Systems and methods for submetering are known. One such system is disclosed in U.S. Pat. No. 4,783,748, issued Nov. 8, 1988, to Swarztrauber et al. In that system, as disclosed in the patent and as developed through 1999, the submeter (known as a Transmeter®) measures electricity by connecting to the power wires to measure voltage and through current transformers to measure current. The initial Transmeters®, manufactured from 1982 through 1991, processed the voltage and current in digital form to derive the real energy. In a development effort that spanned the period from 1988 through 1992, additional parameters were added. The Transmeters manufactured from 1992 through 1999 calculate from the measured voltage and current additional parameters such as reactive and apparent energy, power factor, total harmonic distortion, peak demand, time-of-use, voltage and current. They also stored the information in CMOS ram backed up by battery to maintain an audit trail of key energy information either every day or every 15 minutes. This type of memory storage can suffer data loss through power and battery failure, data corruption due to “fast transients”—a type of interference commonly found on power lines.

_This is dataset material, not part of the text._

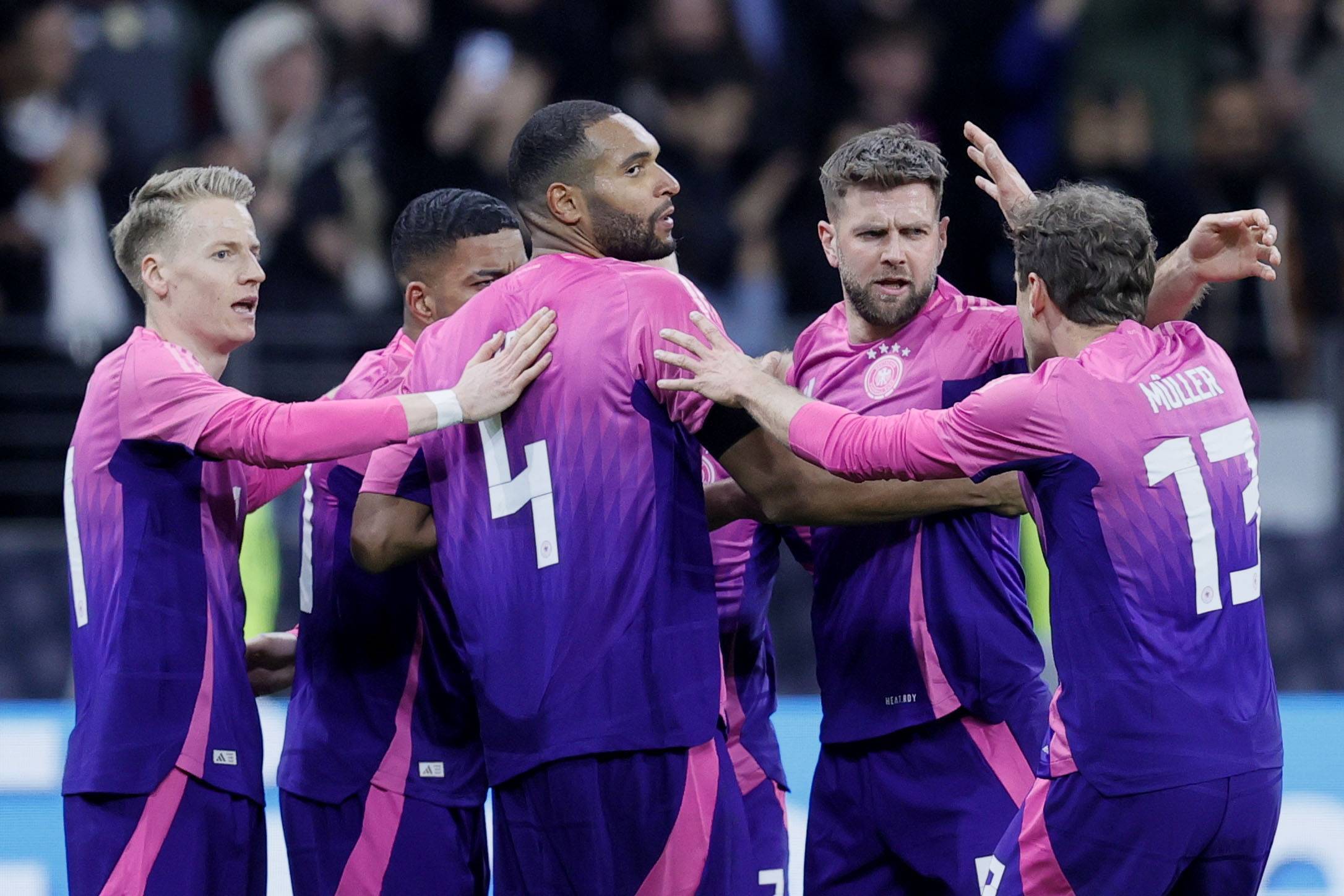 爱游戏vip注册-瑞士队成功晋级欧锦赛预选赛决赛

The Transmeter® systems manufactured and sold through 1999 collect and deliver information from Transmeters® located in multi-tenant properties. The individual Transmeters® inject signals onto the power distribution lines (a technique known as power line communication, or “PLC”) in the multi-tenant property to a more centrally located device, the Transponder. The Transponder is typically installed at the point of entry of electricity to that property. If the property has more than one electrical service, one Transponder is installed per service. The Transponders are interconnected via an RS-485 network. One of the Transponders connects by modem to a dedicated standard telephone line.
The billing computer is configured to dial any property on command of the operator. The data is processed by standard spreadsheet or database programs to generate bills in either paper or machine-readable format for use by the property management companies.

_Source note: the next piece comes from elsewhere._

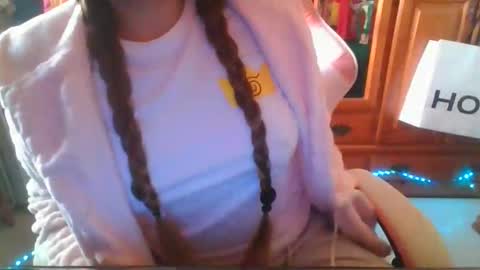 Snapshot of sexymisss24 chatting on 11.22.25 sexymisss24 online show from 11.22.25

However, such systems have a number of deficiencies. One deficiency is cost: units that are too costly will not be utilized in areas where the profit margins are too small or there is a relatively high probability of theft. Another deficiency shared by many systems is that the meters communicate with a central billing office via telephone lines, thus requiring additional installation of wires in the building, or at least requiring that telephone lines be located near the power lines.
The submetering market has several requirements that often fail to be met by existing submetering systems. Such requirements include: (1) stringent metering standards found outside the United States such as those of Industry Canada and the International Electrotechnical Commission (a European standards organization with applicability to most of the world outside of North America). Not only must a submeter meet electrical standards, it must comply with strict mechanical standards as well.

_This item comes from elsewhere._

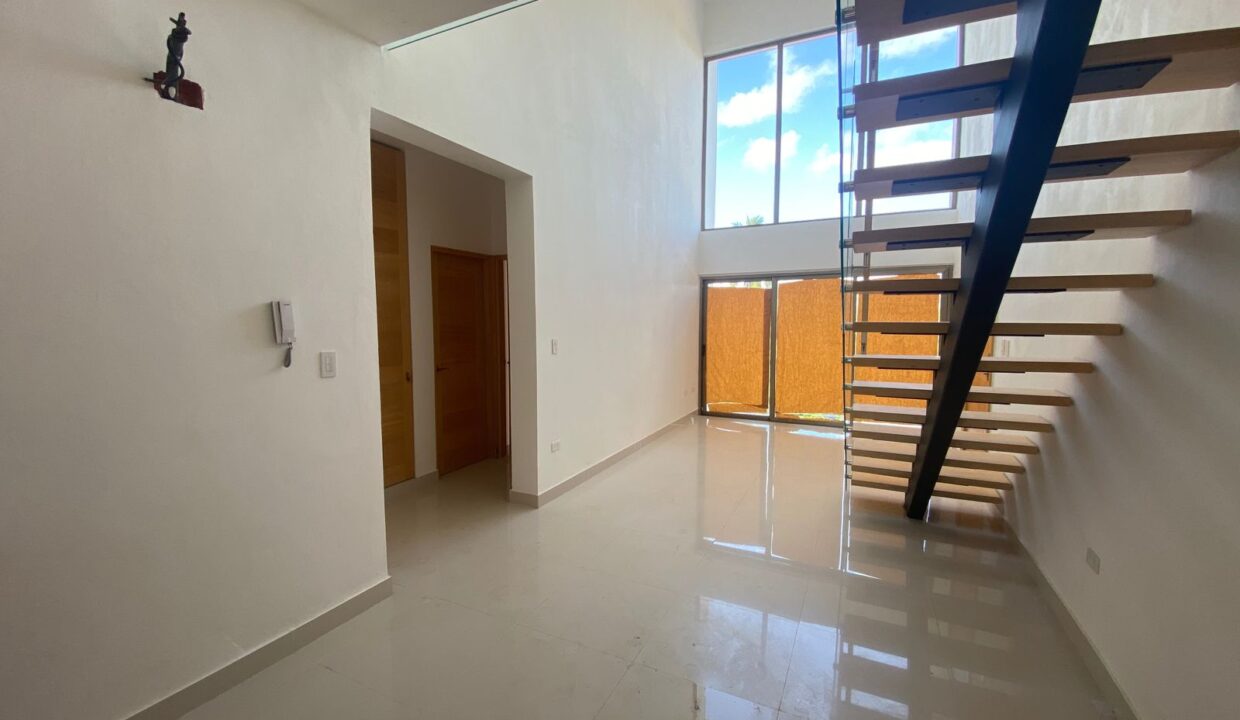 WhatsApp Image 2025-05-07 at 4.14.17 PM (1)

(2) Communication with the submeter is required outside of densely populated urban areas, where electrical distribution transformers are not necessarily located near phone lines.
(3) There is an emerging need of electric utilities to provide on-line metering databases over the Internet. This need also includes providing this information to generation companies or Energy Service Companies (ESCOs) often located very distant from the customer. Such entities require delivery of information not available with standard electro-mechanical meters.
(4) Low-cost, high-volume manufacture.